Azrâil parmak uçlarımı ısırmasaydı eğer.
//
Gecenin gözleri emzirirken dudaklarımı
Göğüs ucumdan dökülür günahlarım.
Ve kör bir ateş ruhumu ısırırken
Gâyyâ kuyusuna itti beni bir ses!
Ö l ü m hâktır!
Ecelin kanatlarından uçana.
Gökyüzüne asılı kalmış bir çığlık tutar yakamdan.

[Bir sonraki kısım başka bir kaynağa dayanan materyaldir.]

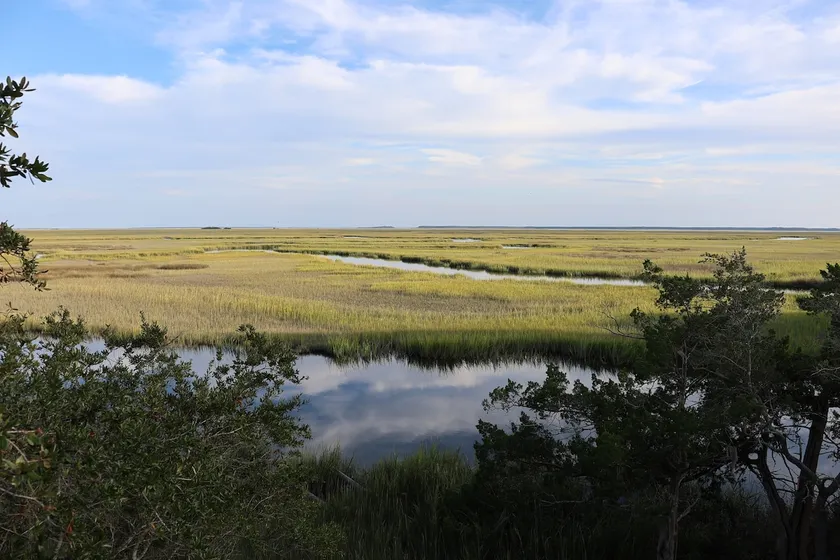 Peaceful Coastal Marsh House - Image 1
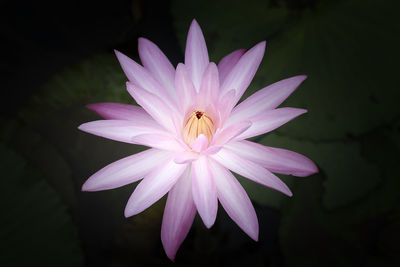Beautiful lotus flower with various colors in natural and balck background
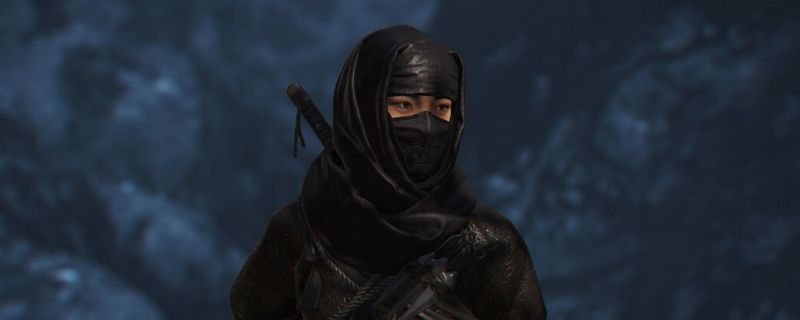 《刺客信条：影》游戏画面，奈绪江与弥助并肩站立，背景为日本战国时期城池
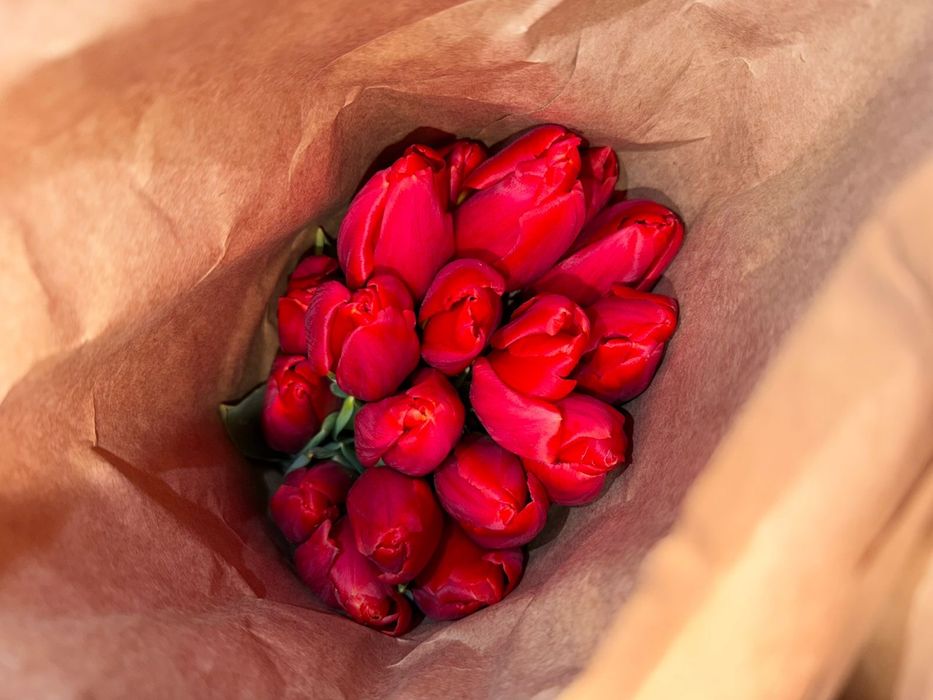 Тюльпаны свежие большие с доставкой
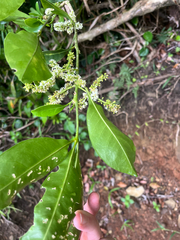 Melicope triphylla, photograph author not stated, no rights reserved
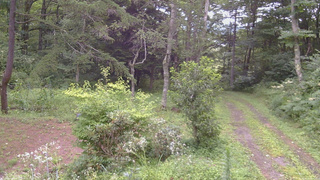 長野県菅平高原 ゆたか山荘 坂上 2026/08/12 15:00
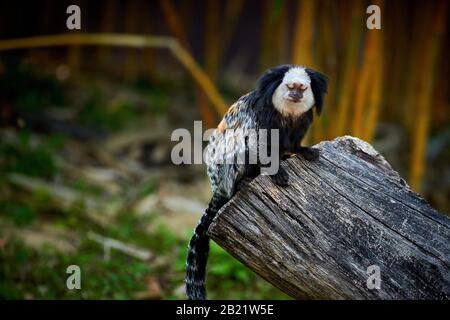 Weißköpfige Marmose (Callithrix geoffroyi) Stockfoto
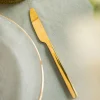 Noz Aperi 22 Cm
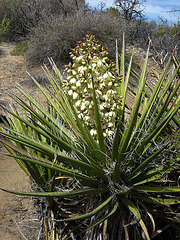 Yucca Bloom (4587)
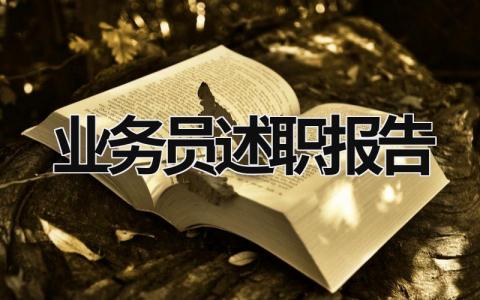 业务员述职报告  (17篇）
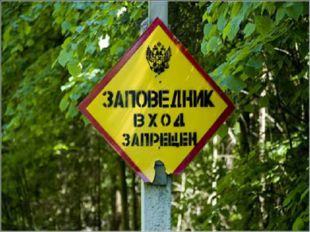 Заповедники и национальные парки России 2017 год – год особо охраняемых терри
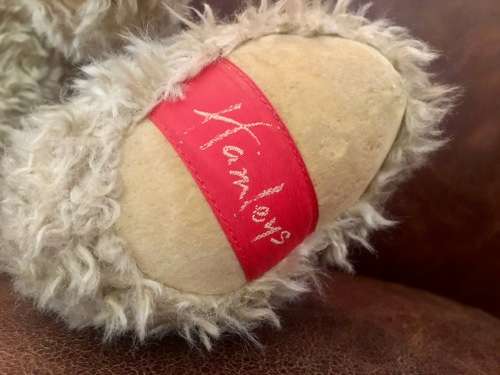 Hamleys Teddy Bear
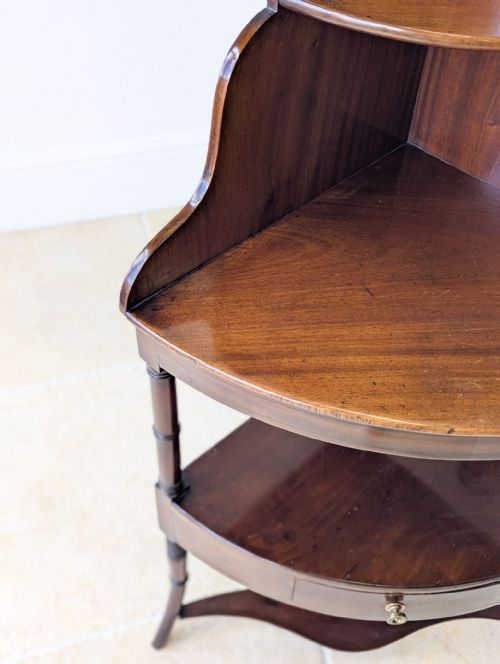 ANTIQUE REGENCY MAHOGANY TIERED CORNER STAND C1820 - ADDITIONAL PHOTO 10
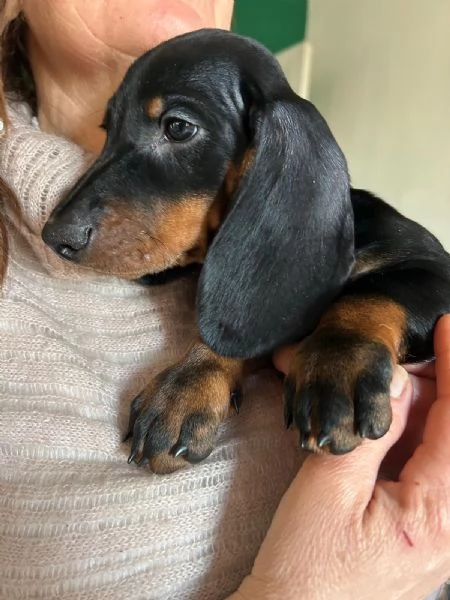 Cucciolo Bassotto Standard Maschio | Foto 0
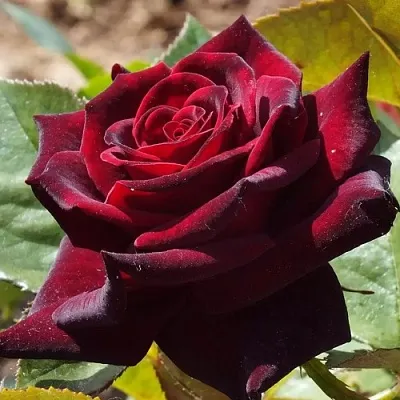 Саженцы роз БЛЭК БАККАРА чайно-гибридная в Челябинске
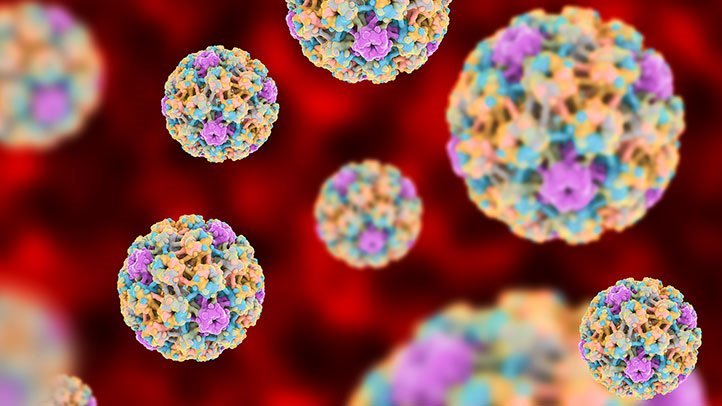 Bộ 3 bảo vệ khỏi HPV: Tiêm chủng, xét nghiệm tầm soát định kỳ và theo dõi kịp thời- Ảnh 1.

Secde ederken kıbleyi şâhadete
Astım boynumu Arafat’a.
Şeytan dokunmasın diye ruhuma.
Sevmek mübâhtır!
Zemzem suyunu aşk ile içene.
Ey benim sırata devrilmiş boynum
Gövdemden düşmeyince aklım,
Daha kaç defa can çekişecektim
Yusuf misali kör kuyularda?
Can ibâhâdır!
Haktan gelince kûn âşkına.
Kanamasız iç çekişlerim, yoğrulur bir ananın rahminde.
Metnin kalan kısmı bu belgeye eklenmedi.